E:  Ad=82(I) Atr=02(Bulk) MxPS=  64 Ivl=0ms

But I think I need to load the usb-storage module so that I can mount it to a dir.

anyhelp appreciated  :Smile: 

----------

## rac

It looks like usb_storage is compiled into your kernel, so don't worry about loading it as a module.

----------

## taskara

you are right, I do  :Smile: 

however, how can I go about mounting my keychain ?

cat /proc/scsi/scsi revelas only my cd-rw, not my usb device  :Sad: 

so I think something must be going wrong somewhere.

usually on bootup it will assign a scsi device, ie:

...

Initializing USB Mass Storage driver...

usb.c: registered new driver usb-storage

scsi2 : SCSI emulation for USB Mass Storage devices

  Vendor: M-Sys     Model: DiskOnKey         Rev: 2.01

  Type:   Direct-Access                      ANSI SCSI revision: 02

Attached scsi removable disk sdb at scsi2, channel 0, id 0, lun 0

SCSI device sdb: 63648 512-byte hdwr sectors (33 MB)

sdb: Write Protect is on

 sdb: sdb1 sdb2 sdb4

...

then you can mount /dev/sdb

but I don't get that on boot, as you can see from my post above.

any thoughts ??

thanks for your help  :Smile: 

----------

## fifolifo

 *taskara wrote:*   

> 
> 
> cat /proc/scsi/scsi revelas only my cd-rw, not my usb device 
> 
> 

 

I've never booted my gentoo box with the Sony connected to the USB.  It's not that I don't want to.  I just forget and really, I don't need it most of the time.  But when I do plug it into the USB.  It gets detected right away.  My cat /proc/scsi/scsi displays this:

 Attached devices:

Host: scsi0 Channel: 00 Id: 00 Lun: 00

  Vendor: PLEXTOR  Model: CD-R   PX-W1210A Rev: 1.08

  Type:   CD-ROM                           ANSI SCSI revision: 02

Host: scsi1 Channel: 00 Id: 00 Lun: 00

  Vendor: Sony     Model: DiskOnKey        Rev: 2.51

  Type:   Direct-Access                    ANSI SCSI revision: 02

As for cat /proc/bus/usb/devices

I don't have a "usb" sub-directory in /proc/bus

I run a gentoo box with a Redhat kernel, cause I run Win4Lin and I can get the necessary kernel patch for it.  I can't use the Vanilla source, cause it corrupts one of my hard drives.  So, maybe that's why I don't have the "usb" sub-directory in /proc/bus

If you want, I can e-mail you the .config file with the kernel setting that I used when I compiled.  It's way too big to post here.  Sorry, I don't have a better answer for you.

----------

## taskara

that's ok, thanks for your help anyway.

I think the problem is with loading the scsi component of the usb device.

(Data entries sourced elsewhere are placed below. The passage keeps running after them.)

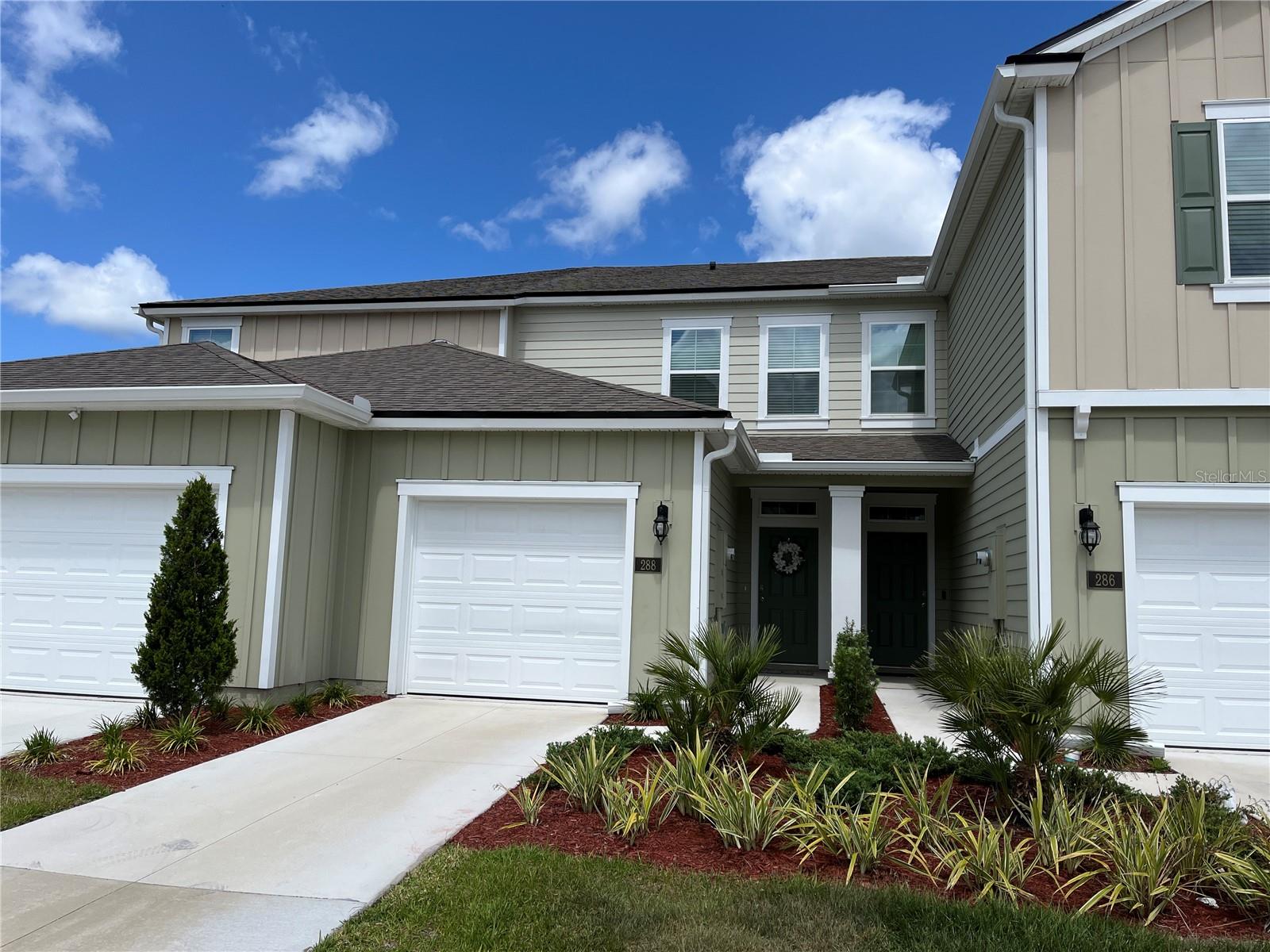 Details for 288 Redbud Road, PALM COAST, FL 32137
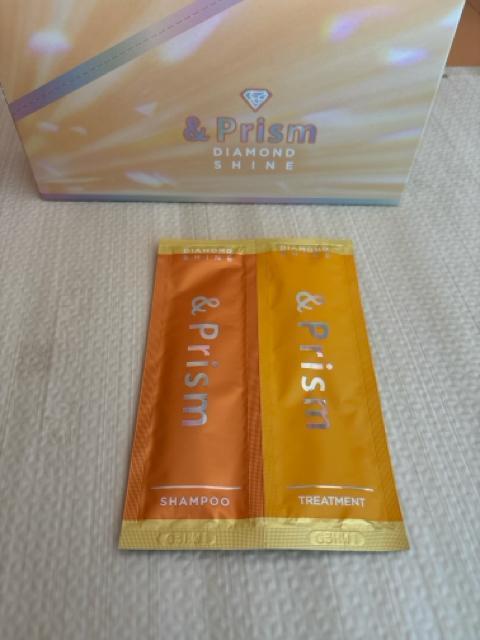 &Prism アンドプリズム ダイヤモンド シャイン 2連お試し 24個セット < 香水/コスメ/ネイル &Prism アンドプリズム ダイヤモンド シャイン 2連お試し 24個セット < 香水/コスメ/ネイルの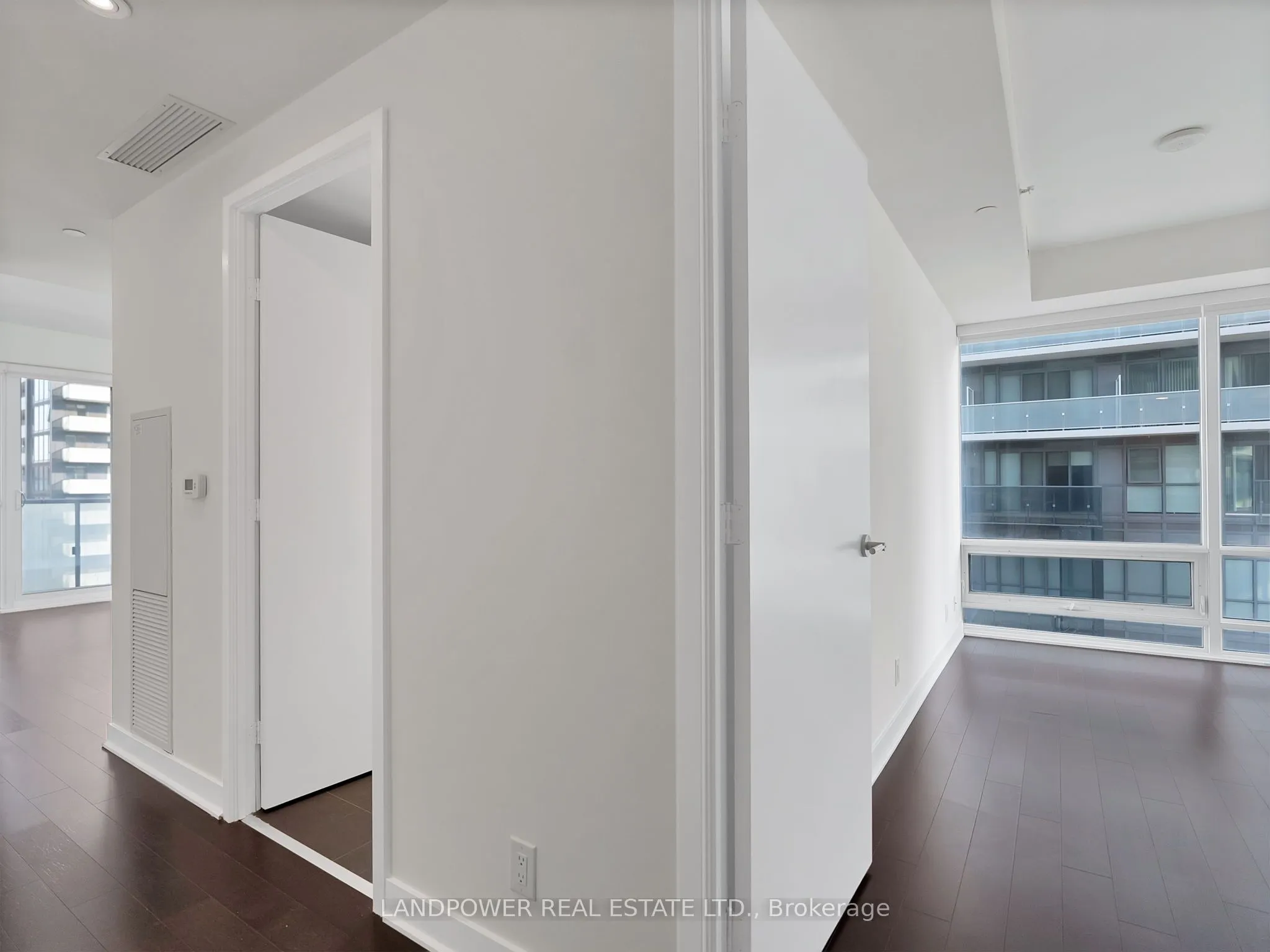 15 Grenville Street, #2609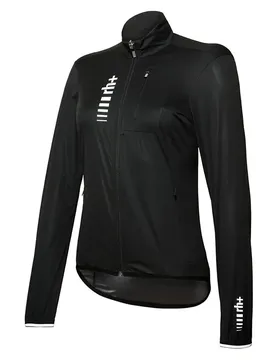 Rh+ Giacca E-bike Emergency Black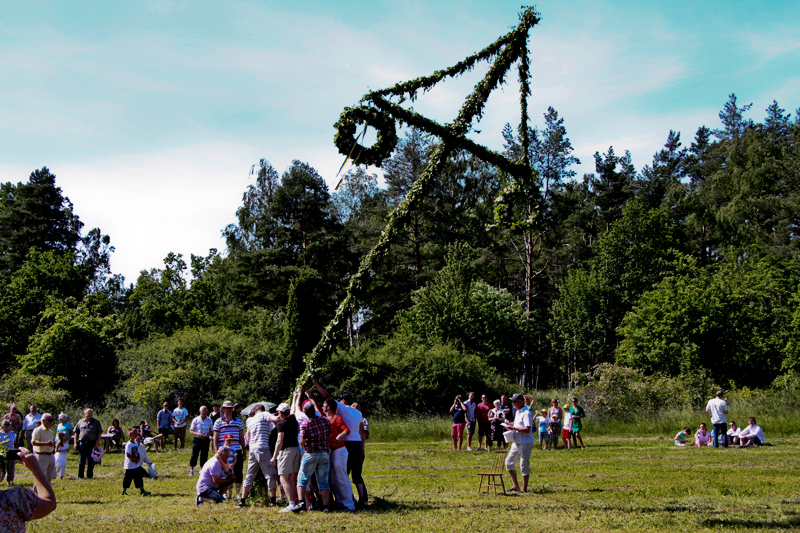 Midsommar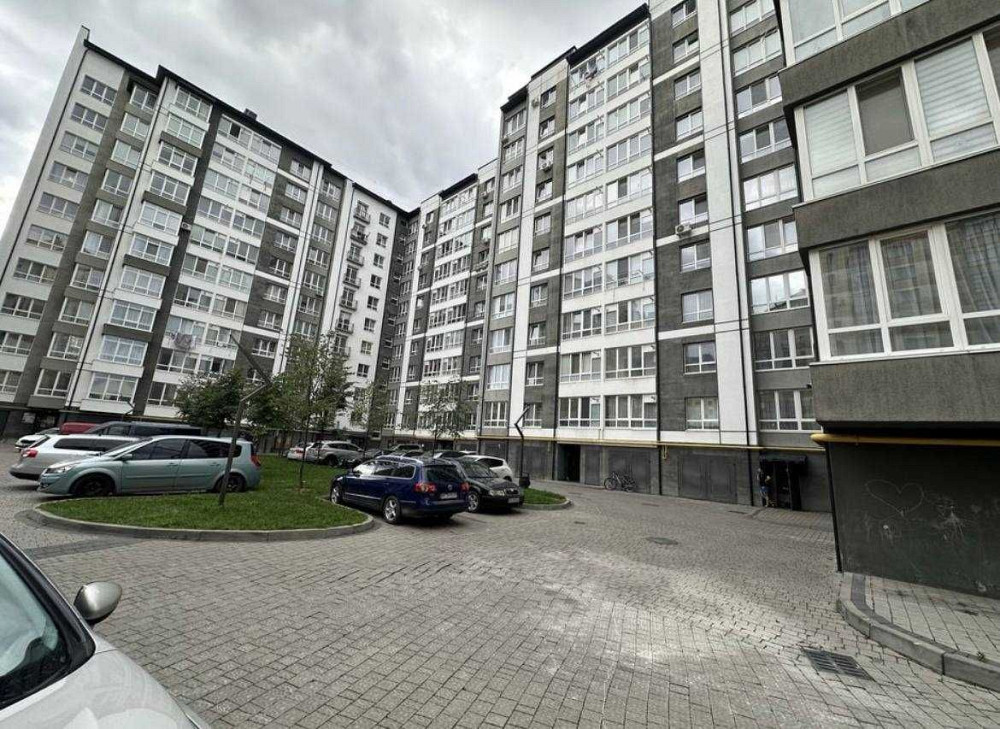 Дешева здана квартира 830$ Патріот. БАМ. Чорновола Довженка Івано-Франківськ - зображення 3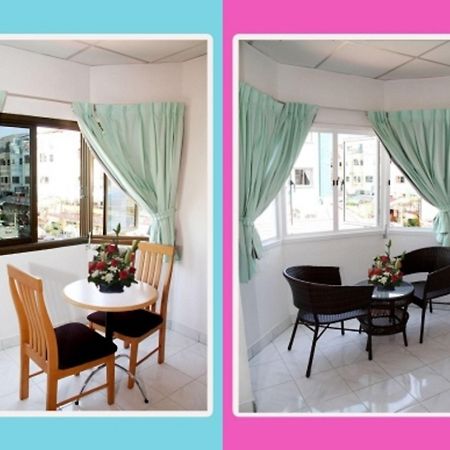 Welcome Inn Hotel @ Karon Beach. Single Room From Only 500 Baht Phuket Eksteriør bilde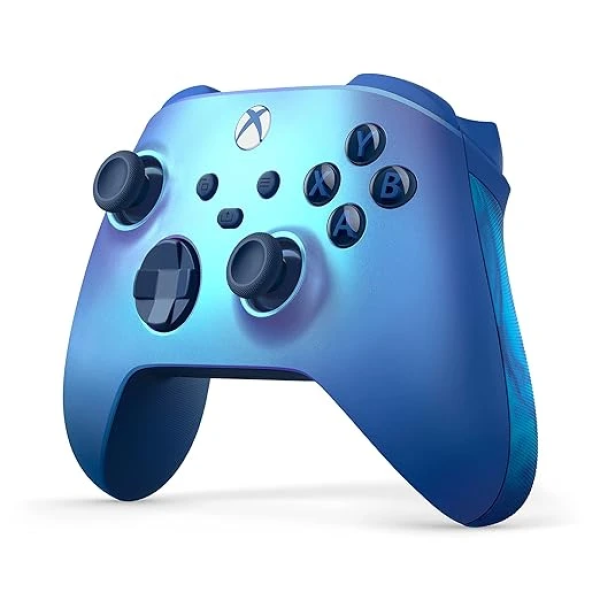 Xbox Core Wireless Controller Aqua Shift Special Edition 無線控制器 2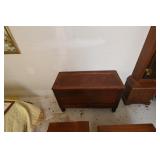 wooden Chest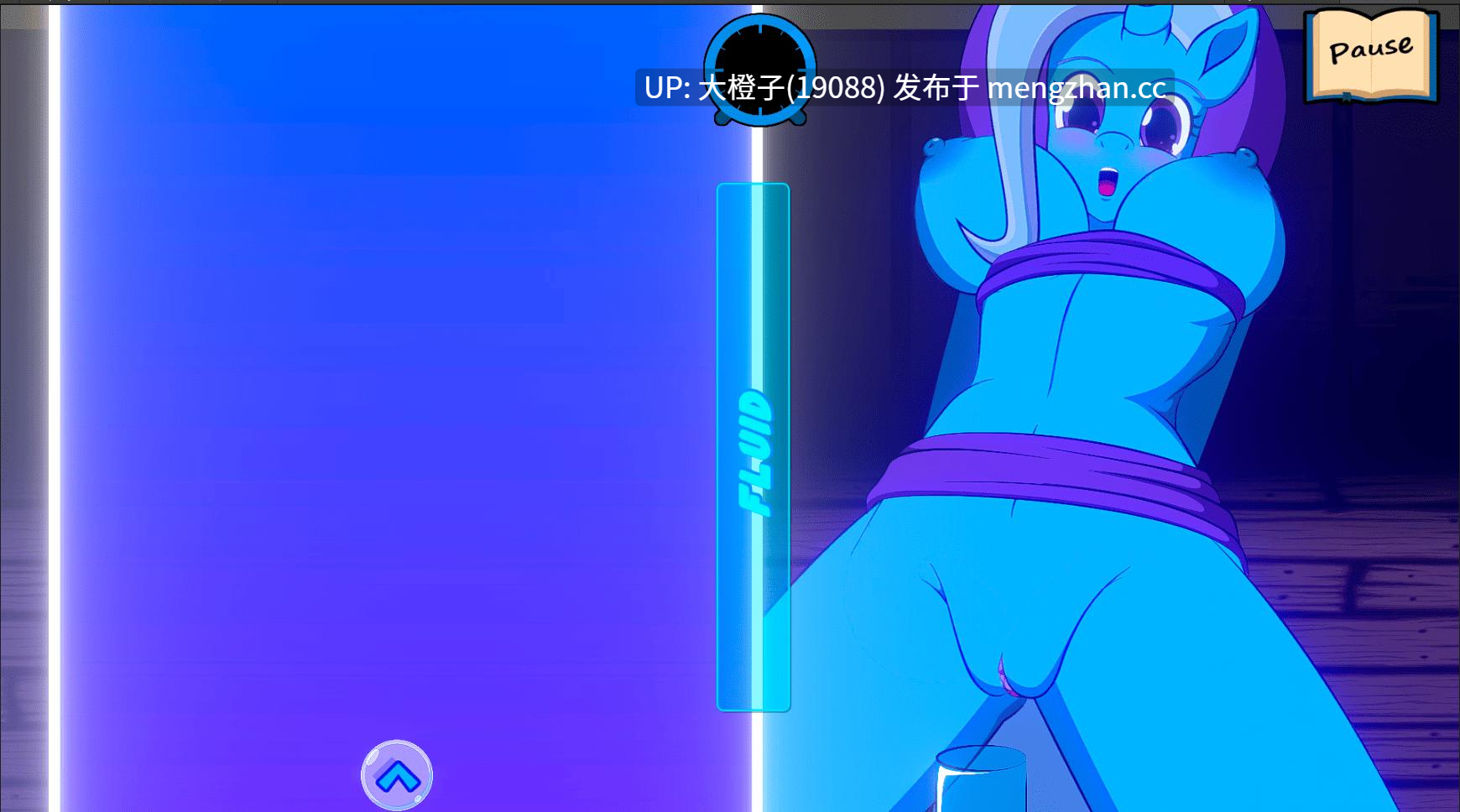 [SLG步兵机翻福瑞PC动态]小马宝莉 用萍琪派做饭 2 Cooking with Pinkie Pie 2 v0.0.4.8[12.3G]-第6张图片-萌站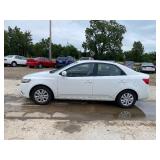 2010 Kia Forte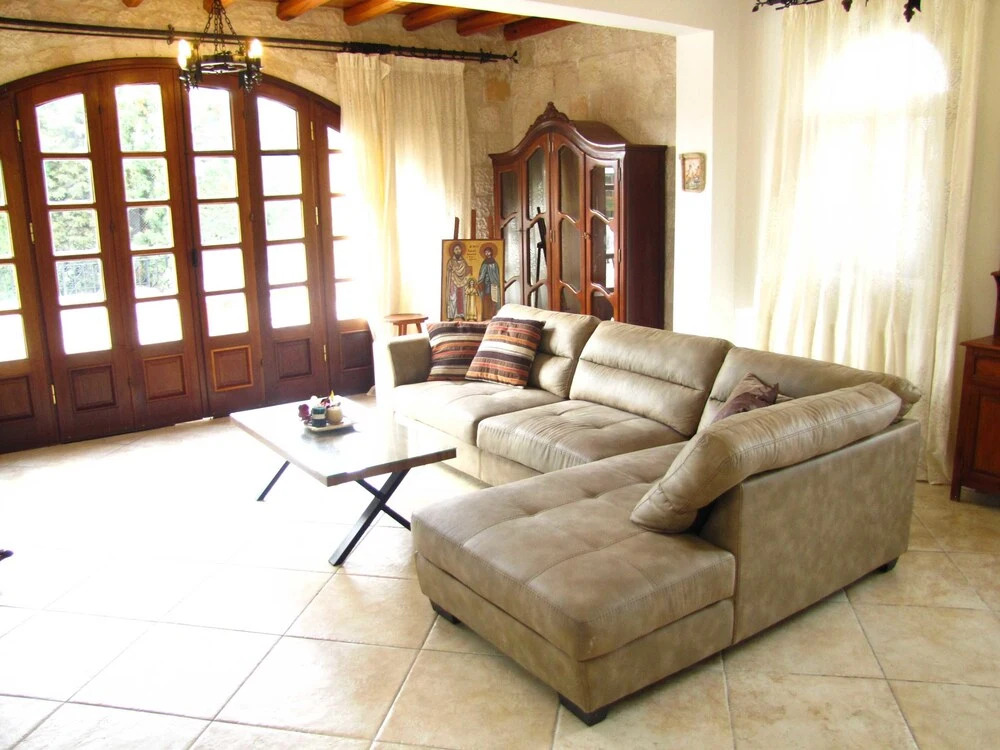 Webooking Theodora Villa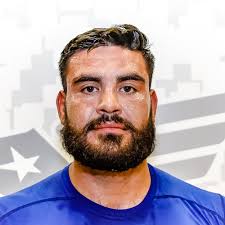 Competitor List [2019 Lubbock Open]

so I'll have a fiddle and see what I can do.

hopefully I can get it working, I'll post if I do.

----------

## taskara

hey fifolifo, can you post your dmesg list ? (after booting WITH the keychain connected)

I wanna check out when it loads it as a scsi device.. that's my problem.

My burner get a scsi id (/dev/sr0) but it doesn't assign one for the usb drive.

ta heaps  :Smile: 

----------